中国の研究チームが、光子を使った量子スケールの「ニュートンのゆりかご」を作成した。このゆりかごは、ノイズを混ぜることでエネルギー伝達効率が向上するという不思議な性質を持っており、光合成や臭いの検出など生命体におけるエネルギー伝達の仕組みを解明するのに役立つと見られている。

エネルギー保存と運動量保存の法則を実演するのによく使用されるのは、一連の球が互いに接するように吊るされた「ニュートンのゆりかご」という装置だ。現在よく見られるような装置はおそらく1960年代に考案され、その後オフィス・トイとして販売されることになった。とはいえ、ニュートンをはじめとする17世紀の学者たちは、すでにその背後にある物理学に精通していた。

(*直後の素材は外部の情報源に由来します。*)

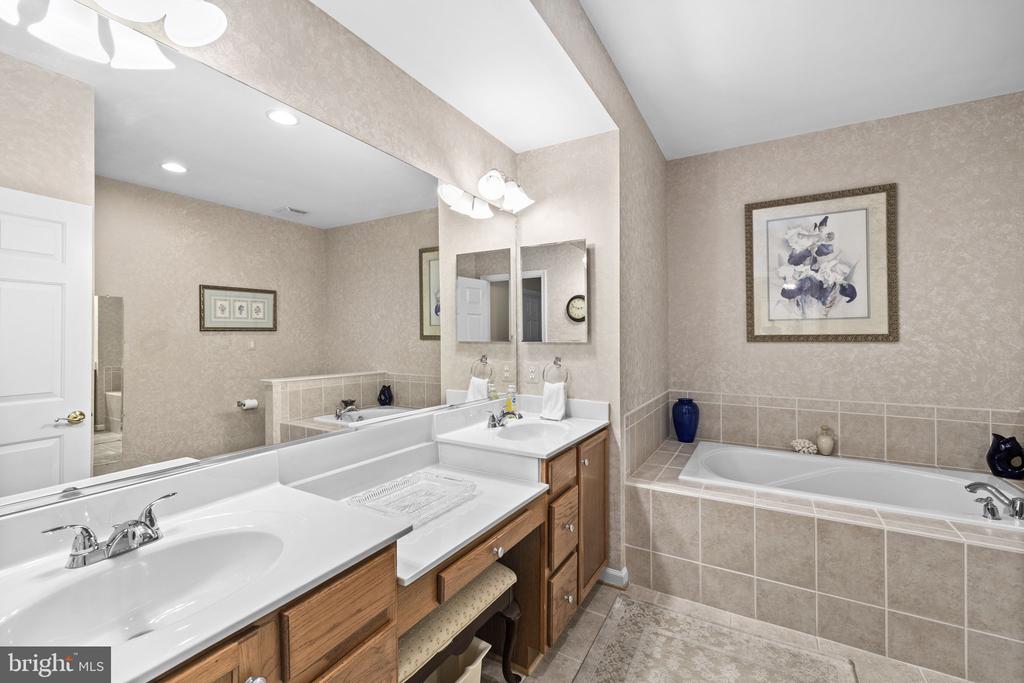 1022 MAUREEN DRIVE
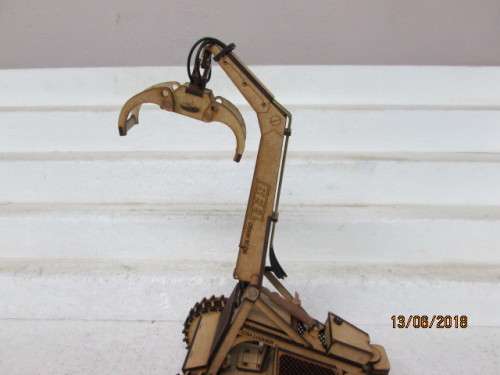 1:18 SCALE LAZER CUT BELL LOGGER 225A - LOT 282T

エネルギー保存則と運動量保存則は普遍的な法則であり、宇宙論的なスケールでも人間のスケールでも同じように成立する。また、これらの法則は、原子や亜原子粒子のスケールにおいても適用できるが、この場合は奇妙な量子力学の法則の影響を受けることになる。

ここで興味深い疑問が生じる。光子などの亜原子粒子を用いて、量子スケールのニュートンのゆりかごを作ることは可能なのだろうか。

中国の上海交通大学のジェン・フェンと同僚らによる研究により、1つの答えが得られている。ジェンらの物理学者から成る研究チームは、光子を用いてニュートンのゆりかごを作成した。同研究チームによると、この装置に関与する物理現象が、光合成や匂いの検出などの十分に理解されていない自然界のさまざまなエネルギー伝達過程を解明するのに役立つ可能性があるという。